▶ [Given information]
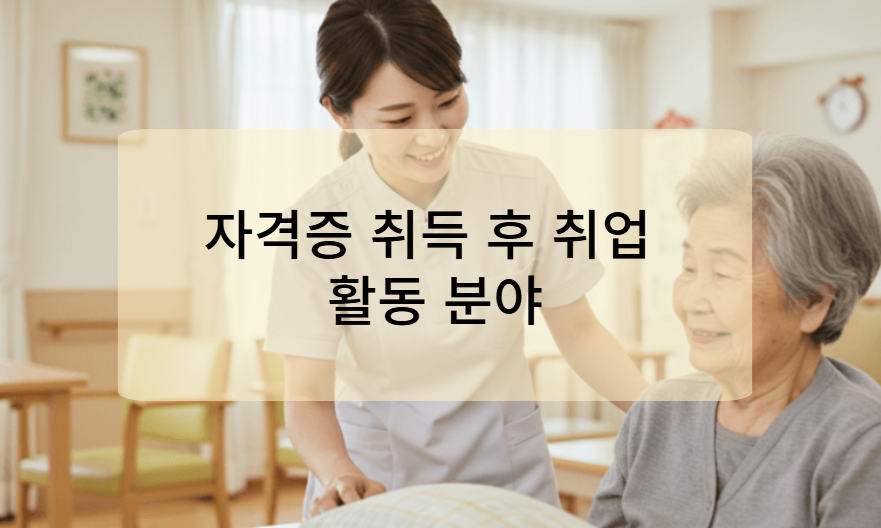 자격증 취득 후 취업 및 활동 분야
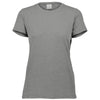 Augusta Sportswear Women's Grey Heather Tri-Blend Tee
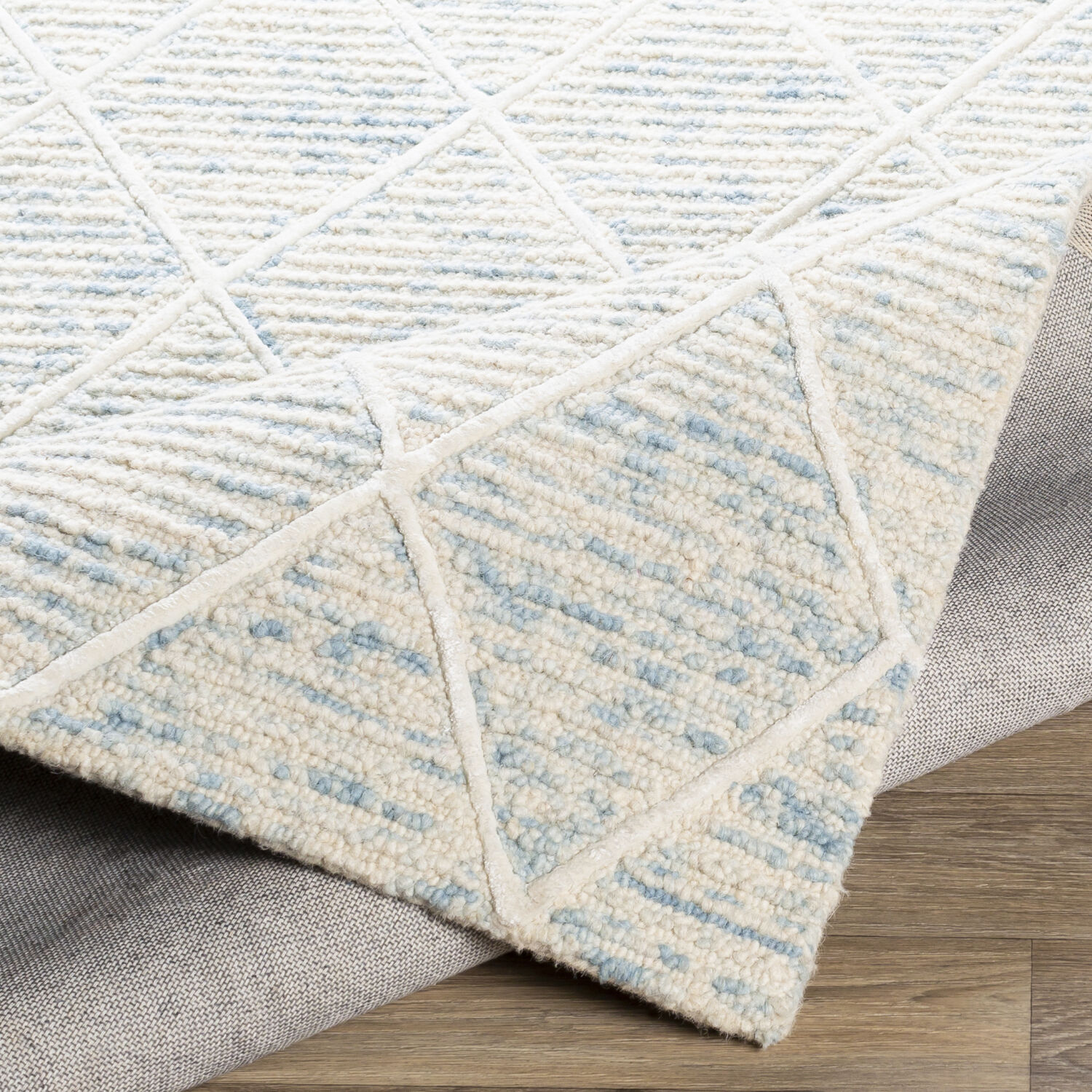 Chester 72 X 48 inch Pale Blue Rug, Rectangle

▶ [Problem details] The expected output is the complete listing, word for word, without any picture.

▶ [Response box]
 자격증 취득 후 취업 및 활동 분야
 Augusta Sportswear Women's Grey Heather Tri-Blend Tee
 Chester 72 X 48 inch Pale Blue Rug, Rectangle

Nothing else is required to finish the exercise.